BOGOR, KOMPAS — Kepolisian Resor Bogor mengungkap keberadaan lahan pembibitan ganja di Cisarua, Kabupaten Bogor. Area seluas 300 meter persegi untuk pembibitan narkotika golongan I tersebut ditumbuhkan di lahan milik Perhutani. Kepolisian menduga, motif pemilik bibit sebatas coba-coba.
Dalam jumpa pers, Jumat (30/11/2018), Kepala Polres Bogor Ajun Komisaris Besar AM Dicky mengatakan, penangkapan ini merupakan bagian dari Operasi Antik Lodaya yang dilangsungkan 23 November-2 Desember 2018 di seluruh wilayah Kabupaten Bogor. Adapun tersangka pemilik lahan pembibitan, HAR (47), ditangkap di kediamannya di Desa Tugu Selatan, Cisarua, pada 24 November 2018.
Di plafon rumah tersangka ditemukan tiga batang pohon ganja dan tujuh kecambah ganja yang ditanam di dalam ember cat. Sebelumnya, polisi juga menangkap A (29) yang diduga bertindak sebagai rekan HAR.
”Dari keterangannya, tersangka bercocok tanam ganja secara ilegal di lahan seluas 300 meter persegi di area hutan Perhutani. Letaknya sangat tersembunyi. Kami segera menyisir area tersebut keesokan harinya. Sekarang sudah kami amankan dan akan kami cabut tanamannya,” tutur Dicky.
Pohon ganja HAR masih terbilang muda dengan tinggi 2-3 jengkal tangan orang dewasa. Dicky menyebutkan, proses pembibitan baru saja dimulai sehingga nilai penjualan produk narkotika dari tanaman tersebut belum dapat diketahui.
”Baru segini-segini saja tingginya. Memang tersangka masih sekadar coba-coba secara otodidak, ternyata bisa tumbuh. Jadi, nilai ganja dalam rupiah masih belum kami hitung, karena masih tahap penanaman. Apalagi, ganja harus dikeringkan, kemudian dijual dalam berbagai takaran, seperti segaris, sebatu, dan lain-lain,” ujar Dicky.

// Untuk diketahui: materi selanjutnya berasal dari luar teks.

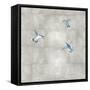 Hummingbirds Blue on Silver I-Tina Blakely-Framed Stretched Canvas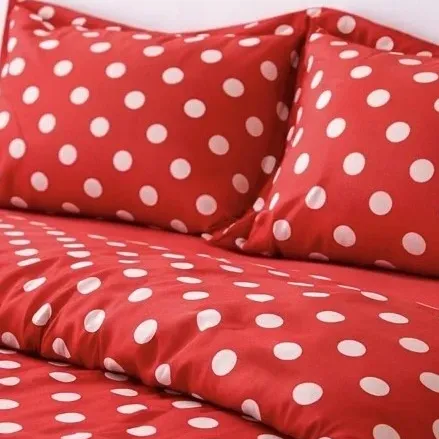 Σετ Σεντόνια Υπέρδιπλα 4 Τεμαχίων 240x260cm Βαμβακοσατέν 300TC Κόκκινο Πουά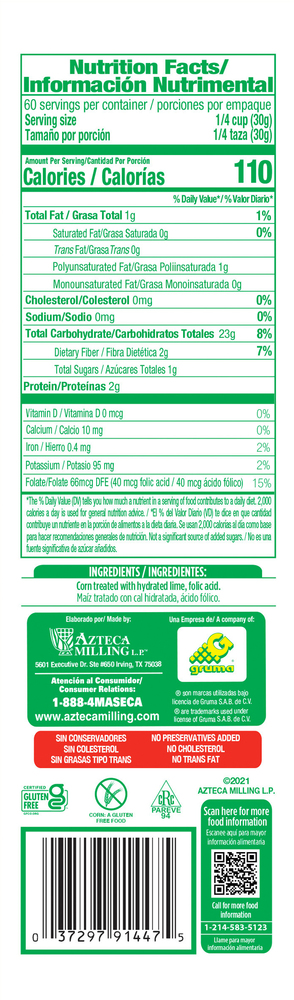 Maseca Corn Masa Flour, Gluten Free, Instant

Kepala Satuan Reserse Narkoba Polres Bogor Ajun Komisaris Andi Alam mengatakan, kemungkinan besar masyarakat di daerah Puncak menanam ganja sebagai tanaman hias. Sebab, lanjutnya, dataran tinggi Puncak adalah kawasan yang tepat untuk menumbuhkan ganja.
”Padahal, menurut Pasal 111 Undang-Undang Nomor 35 Tahun 2009, terlepas dari seseorang tahu atau tidak, memiliki narkotika golongan I sudah termasuk pelanggaran pidana,” kata Andi.
Terlepas dari seseorang tahu atau tidak, memiliki narkotika golongan I sudah termasuk pelanggaran pidana.
Kasus penanaman ganja tanpa izin oleh anggota masyarakat bukan hal baru. Dari catatan Kompas, Polres Kota Yogyakarta menangkap dua seniman di Sewon, Bantul, DI Yogyakarta, karena menanam ganja untuk konsumsi pribadi. Mengonsumsi ganja dianggap dapat membantu menciptakan karya (Kompas, 23 Oktober 2018).
Pegawai negeri sipil di Kabupaten Sanggau, Fidelis Arie Suderwato, juga dihukum penjara 8 bulan dengan denda Rp 1 miliar karena menanam ganja untuk pengobatan istrinya yang menderita kanker di Kabupaten Sanggau, Kalimantan Tengah (Kompas, 5 Agustus 2018).
Dari hasil tes urine, HAR dan A tidak mengonsumsi ganja. Polisi mengumpulkan barang bukti berupa lahan 300 meter persegi tanpa izin, 122 bungkus tanah dalam polybag yang telah diberi bibit ganja, 14 batang pohon ganja, 7 bibit ganja, 5 gulung polybag, pupuk urea, serta peralatan pertanian.
Atas perbuatan mereka, HAR dan A terancam hukuman maksimal 20 tahun penjara sesuai dengan Pasal 111 Ayat 2 atau Pasal 114 Ayat 1 Undang-Undang Nomor 35 Tahun 2009.
Hingga kini, tim Reserse Narkoba Polres Bogor masih menyisir lahan Perhutani dengan mengerahkan anggota serta menggunakan pesawat nirawak (drone). Andi menduga, HAR akan memindahkan ganja yang ditumbuhkan itu ke sebuah ladang. Namun, ladang tersebut belum ditemukan.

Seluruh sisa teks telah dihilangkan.